* _THE DATA_:
**********

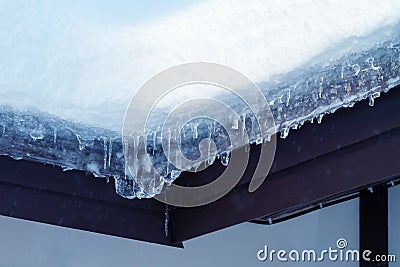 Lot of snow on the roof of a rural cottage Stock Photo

**********

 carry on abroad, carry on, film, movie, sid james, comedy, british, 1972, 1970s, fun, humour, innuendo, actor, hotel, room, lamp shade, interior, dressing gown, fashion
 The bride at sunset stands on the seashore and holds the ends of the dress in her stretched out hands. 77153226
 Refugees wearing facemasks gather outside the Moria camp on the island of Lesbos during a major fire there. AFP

**********

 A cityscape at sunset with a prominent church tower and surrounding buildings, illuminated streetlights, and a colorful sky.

**********

* _EXERCISE DESCRIPTION_:
An exact copy of the lines above, from the one containing "carry on abroad, carry" through the one containing "Refugees wearing facemasks", is the whole of the answer.

* _RESPONSE BELOW_:
 carry on abroad, carry on, film, movie, sid james, comedy, british, 1972, 1970s, fun, humour, innuendo, actor, hotel, room, lamp shade, interior, dressing gown, fashion
 The bride at sunset stands on the seashore and holds the ends of the dress in her stretched out hands. 77153226
 Refugees wearing facemasks gather outside the Moria camp on the island of Lesbos during a major fire there. AFP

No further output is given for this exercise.